= Southern Masters Cycling Club =

Australian cycling club

The Southern Masters Cycling Club in Melbourne, Australia is a bicycle road racing club for masters riders. Cyclists become eligible for membership at the age of 30 for males, and 30 years for females. The club is the largest Masters cycling club in Australia. In 2006, there are over 350 members.

==History==
The club's first official meeting was held on 23 March 1975. In the late seventies the Southern Veterans Cycling Club formed the Veteran Cycling Association of Victoria, which later became the Victorian Veterans Cycling Council (VVCC).

The club changed its affiliation from the VVCC to Cycling Australia, which is affiliated to the Union Cycliste Internationale (UCI), at a special general meeting held on 29 September 2008.

The club subsequently changed its name from Southern Veterans Cycling Club to Southern Masters Cycling Club.

==Racing locations and details==
The types of races the club provides are:

- Open road race, also referred to as a graded scratch race
- Criterium, often abbreviated to crit
- Handicap, where riders are given time handicaps in groups
- Club Championships, were riders are grouped according to their age (35–39, 40–44, 45–49 etc.)

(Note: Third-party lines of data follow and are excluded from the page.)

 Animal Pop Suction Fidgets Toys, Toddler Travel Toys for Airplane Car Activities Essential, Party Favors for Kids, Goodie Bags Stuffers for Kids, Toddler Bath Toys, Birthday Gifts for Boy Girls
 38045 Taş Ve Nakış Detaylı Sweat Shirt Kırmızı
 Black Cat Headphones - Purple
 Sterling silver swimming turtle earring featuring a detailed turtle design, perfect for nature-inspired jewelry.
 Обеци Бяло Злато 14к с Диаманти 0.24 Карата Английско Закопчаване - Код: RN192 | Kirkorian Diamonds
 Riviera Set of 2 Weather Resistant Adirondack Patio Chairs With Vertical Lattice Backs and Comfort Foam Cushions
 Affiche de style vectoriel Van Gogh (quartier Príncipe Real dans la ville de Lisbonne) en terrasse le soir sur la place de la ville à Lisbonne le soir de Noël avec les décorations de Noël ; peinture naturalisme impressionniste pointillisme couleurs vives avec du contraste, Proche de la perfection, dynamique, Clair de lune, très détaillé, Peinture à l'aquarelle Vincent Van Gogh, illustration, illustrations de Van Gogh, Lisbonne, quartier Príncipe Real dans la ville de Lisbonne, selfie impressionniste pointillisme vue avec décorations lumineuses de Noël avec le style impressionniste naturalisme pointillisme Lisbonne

Racing is conducted all year round.

In winter, racing is based around the Mornington Peninsula and West Gippsland from April to September. These races are held on public roads for which all necessary permits are obtained. Distances vary depending on the course but are generally in the range 50–80 km.

The summer season, from October to March, is criterium races, which usually last from 1 to 2 hours.

The club caters for a wide range in age and ability of competing riders with grades A to G. Riders are only grouped according to their age championship races which are held twice a year (for both the criterium and road seasons) at club, state and national level.